For the penultimate Boston By Foot Tour of the Month of the 2007 season, and my last as co-chair, we visited Historic Roxbury. This is my favorite tour of all, because it’s full of surprises.
Photos from Boston By Foot Tour of the Month – Historic Roxbury
Roxbury was once an expansive city in it’s own right built literally as a borough on the rocks. Those rocks specifically are Roxbury Puddingstone, flung by angry Dorchester Giant children who were fussy eaters. The neighborhood has gone from pastoral retreat for the wealthy to urban ghetto for the poor. Today it is in revival due to local activists (who among other things stopped I-95 from plowing through the neighborhood) and gentrification. Despite the blight of previous decades, it still has it center Eliot Square which resembles the typical New England town green complete with the white clapboard First Church in Roxbury.
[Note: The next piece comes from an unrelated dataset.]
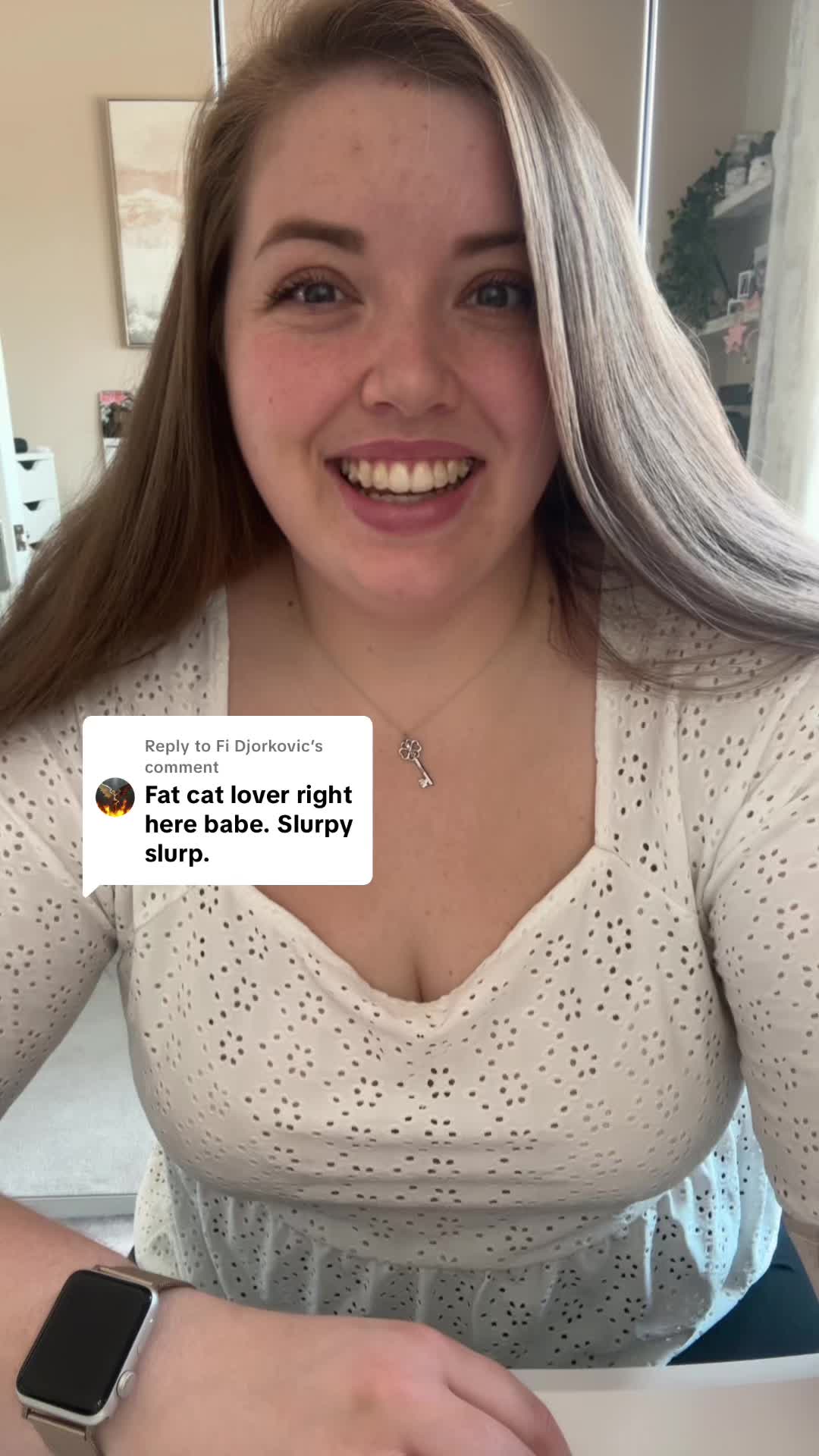 𝒜𝓂𝒷𝑒𝓇 𝐿𝑜𝓊𝒾𝓈𝑒 (@amberhunbun) - Urlebird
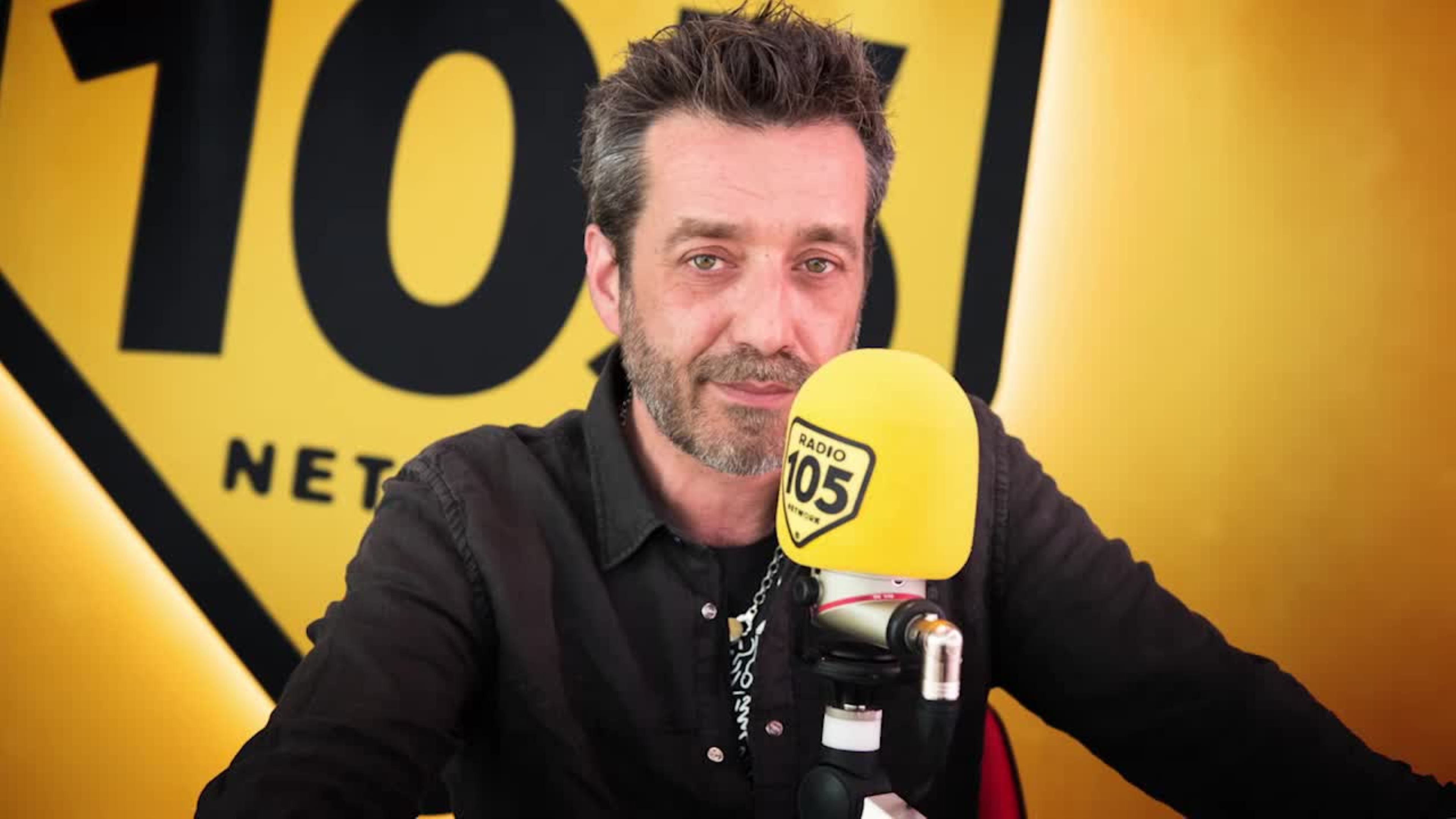 Daniele Silvestri a 105 Mi Casa: “Con La terra sotto i piedi è tornata l’esigenza di raccontare il mondo”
Relics of colonial times such as The Parting Stone and the Dillaway-Thomas House mix with modern structures such as the Islamic Society of Boston mosque and the Madison Park High School. Roxbury has been home to lithographer and social reformer Louis Prang, patriotic rider William Dawes, writer and theologian Edward Everett Hale and abolitionist and publisher William Lloyd Garrison. A walk up to Fort Hill takes you past diverse architecture and quiet natural nooks to one of the best panoramic views of Boston. That is if you can tear your eyes away from the Cochituate Standpipe and the park landscaped by Olmsted.
No wonder some residents want to keep this place a secret. Oops, I think I’ve let it out.